### DATA PROVIDED

┏━━

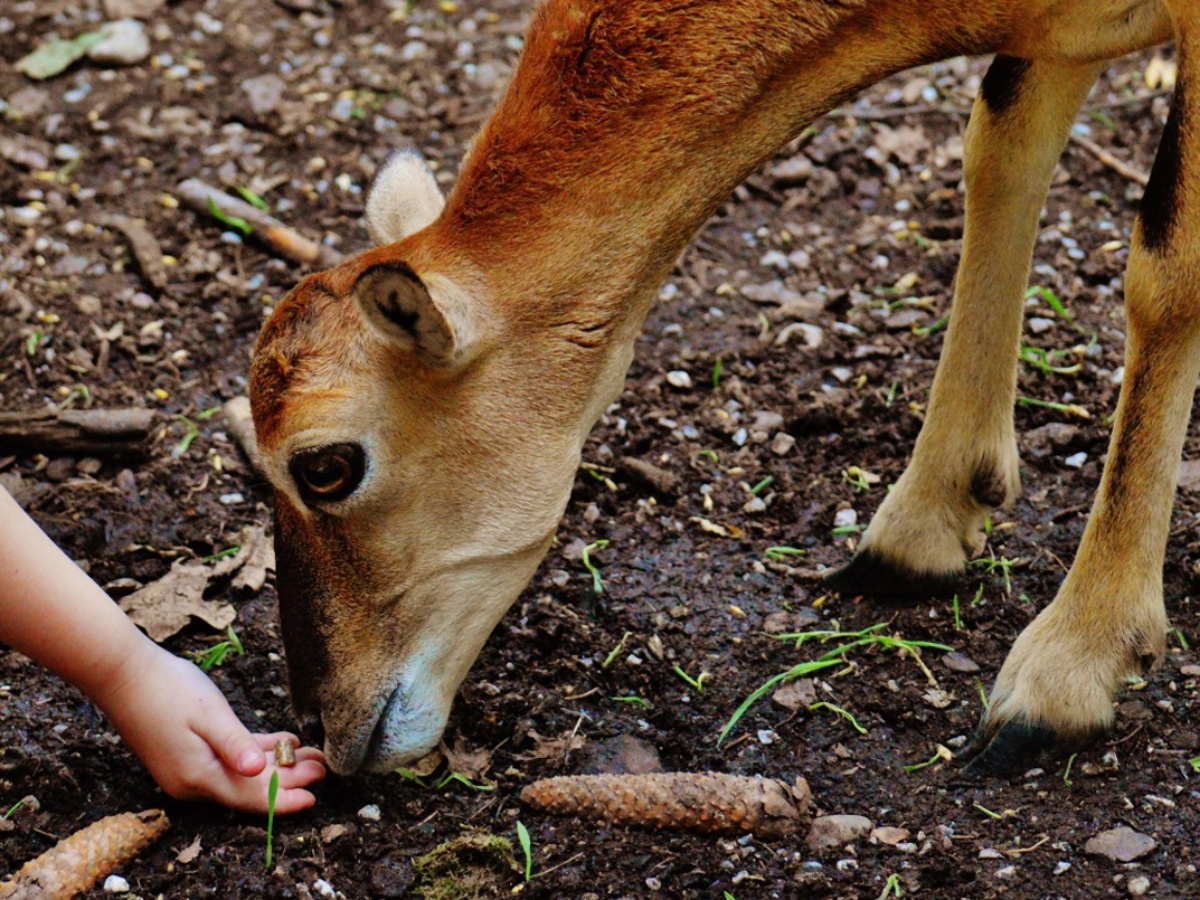 VIRAL: Niño sale a dar un paseo, al volver regresa con ¡UN VENADO! | La Verdad Noticias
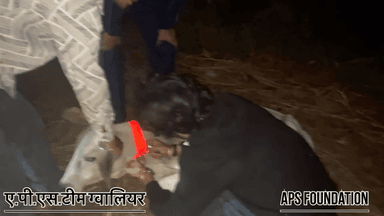 गाये माताओ को बेल्ट बादे जा है ..!
Respect Girl’s help poor help animals
#apsgurjar #viral #support #gwalior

┗━━

### YOUR ASSIGNMENT
From the line containing "गाये माताओ को बेल्ट बादे जा है ..!" through the last line of the data above, write out every line word for word, and nothing else. Do not include the pictures.

### RESULT FOR THIS EXERCISE
 गाये माताओ को बेल्ट बादे जा है ..!
Respect Girl’s help poor help animals
#apsgurjar #viral #support #gwalior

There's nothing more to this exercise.